Duplicate Removal using an array in vba [duplicate

2019-08-30 22:29发布

This question already has an answer here:

Hi have used some code from an answer to a question 'How do I delete duplicates between two excel sheets quickly vba' and tried to alter this code to suite my own VBA script. the code does delete rows the same amount as to what is in the array but it is just deleting the first 11 rows. I am fairly new to VBA and not completely understanding why it is doing this. Below is a copy of the script I am using.

    Dim overLayWB As Workbook       'Overlay_workbook
    Dim formattedWB As Workbook     'Formatted_workbook
    Dim formattedWS As Worksheet    'Current active worksheet (Formatted)
    Dim overLayWS As Worksheet      'Worksheet in OverLay
    Dim lastRowFormatted As Long
    Dim lastRowOverLay As Long

    Dim targetArray, searchArray
    Dim targetRange As Range
    Dim x As Long

    'Update these 4 lines if your target and search ranges change
    Dim TargetSheetName As String: TargetSheetName = "Formatted"
    Dim TargetSheetColumn As String: TargetSheetColumn = "G22"
    Dim SearchSheetName As String: SearchSheetName = "Overlay"
    Dim SearchSheetColumn As String: SearchSheetColumn = "G22"

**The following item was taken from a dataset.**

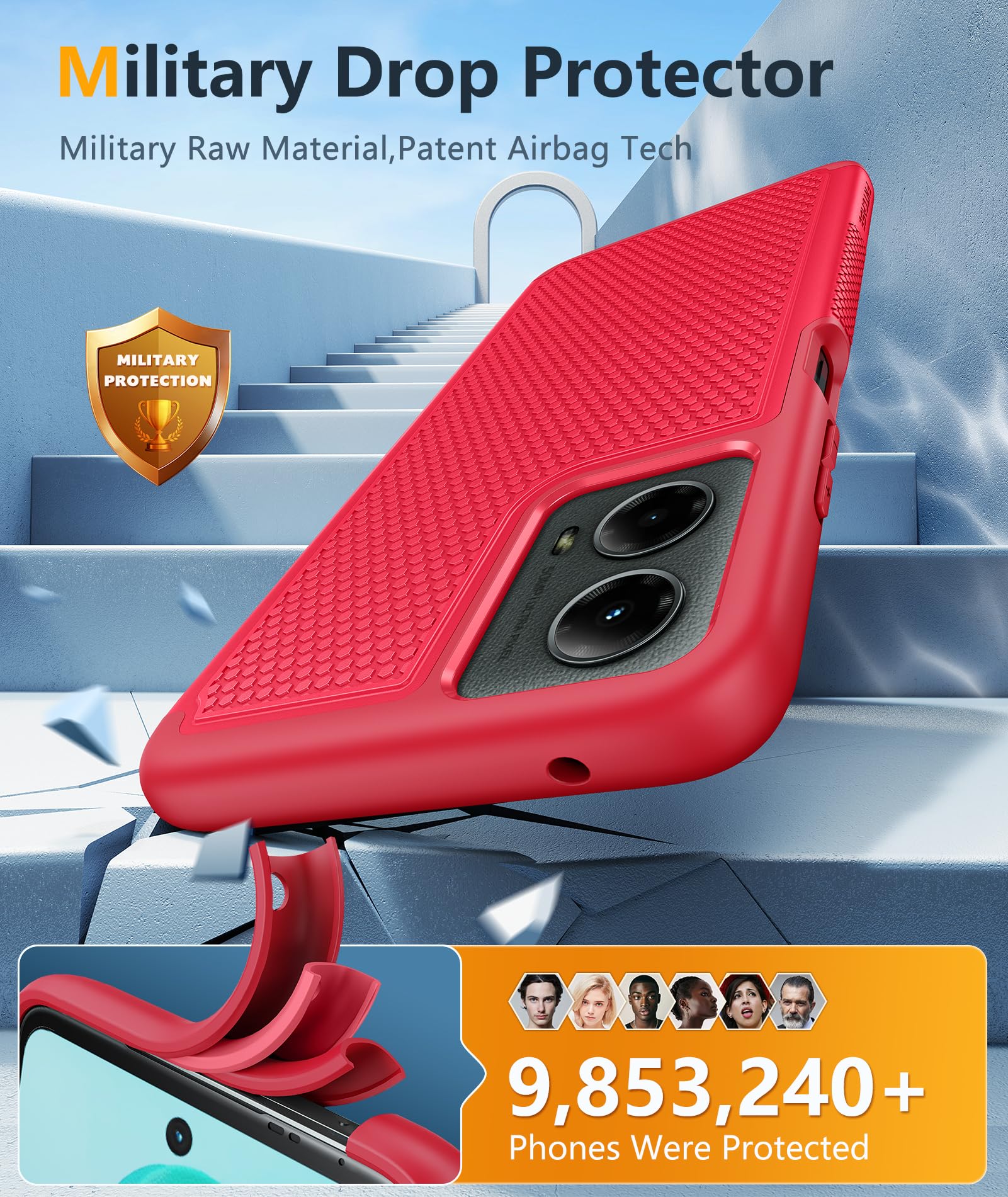 Fntcase For Motorola Moto G 5G 2024 Case: Dual Layer Heavy Duty Cell Phone Protective Cover Shockproof Rugged With Non Slip Text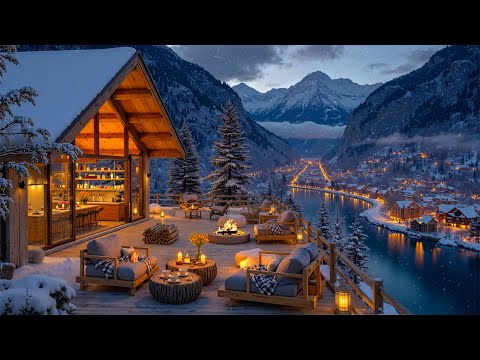 Cozy Winter Night Jazz at the Snowy Café Terrace ❄️Soft Snowfall & Warm Ambience for Deep Relaxation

    'open Overlay workbook
    Set overLayWB = Workbooks.Open("C:\Documents\Templates\Overlaye.xls") 'Path for workbook Overlay to copy from
    Set formattedWS = Workbooks("Formatted").Sheets("DLT Formatted")
    Set overLayWS = Workbooks("Overlay").Sheets("Overlay")
    Set formattedWB = ThisWorkbook

 'Load target array
    With formattedWS
        Set targetRange = .Range(.Range(TargetSheetColumn & "7"), _
                .Range(TargetSheetColumn & Rows.Count).End(xlUp))
        targetArray = targetRange
    End With

 'Load Search Array
    With overLayWS
        searchArray = .Range(.Range(SearchSheetColumn & "7"), _
                .Range(SearchSheetColumn & Rows.Count).End(xlUp))
    End With


    Dim dict As Object
    Set dict = CreateObject("Scripting.Dictionary")
    'Populate dictionary from search array
    If IsArray(searchArray) Then
        For x = 1 To UBound(searchArray)
            If Not dict.exists(searchArray(x, 1)) Then
                dict.add searchArray(x, 1), 1
            End If
        Next
    Else
        If Not dict.exists(searchArray) Then
            dict.add searchArray, 1
        End If
    End If

    'Delete rows with values found in dictionary
    If IsArray(targetArray) Then
        'Step backwards to avoid deleting the wrong rows.
        For x = UBound(targetArray) To 1 Step -1
            If dict.exists(targetArray(x, 1)) Then
                targetRange.Cells(x).EntireRow.Delete
            End If
        Next
    Else
        If dict.exists(targetArray) Then
            targetRange.EntireRow.Delete
        End If
    End If

Can anyone help me with this it would be much appreicated, I have not altered the scripting correctly, or is it missing something?

2条回答
贪生不怕死
2楼-- · 2019-08-30 22:48

This looks off:

With formattedWS
    Set targetRange = .Range(.Range(TargetSheetColumn & "7"), _
            .Range(TargetSheetColumn & Rows.Count).End(xlUp))
    targetArray = targetRange
End With

with your supplied values it translates to:

With formattedWS
    Set targetRange = .Range(.Range("G227"), _
            .Range("G221048576").End(xlUp))
    targetArray = targetRange
End With 

I don't think that's what you intended and should throw an error.

查看更多
狗以群分
3楼-- · 2019-08-30 22:51

It seems to have become almost received wisdom on this site that the task of deleting rows is best achieved by looping through a Range from bottom to top and deleting each individual row whenever criteria are met. Yet this is really quite an inefficient method. Compare these two snippets, for example:

Dim r As Long
Dim clock As cTimer

Set clock = New cTimer

clock.StartCounter
Application.ScreenUpdating = False
For r = 1 To 10000
    Sheet1.Cells(1, 1).EntireRow.Delete
Next
Application.ScreenUpdating = True
Debug.Print "Row by row:"; clock.TimeElapsed; "ms"

clock.StartCounter
Application.ScreenUpdating = False
Sheet1.Range("A1:A10000").EntireRow.Delete
Application.ScreenUpdating = True
Debug.Print "Range:"; clock.TimeElapsed; "ms"

Output is as follows:

Row by row: 2876.18174935641 ms

Range: 15.2153416146466 ms

These results aren't surprising as it's probably fair to generalise that the greater the number of individual interactions with a Worksheet, the slower the programme will be.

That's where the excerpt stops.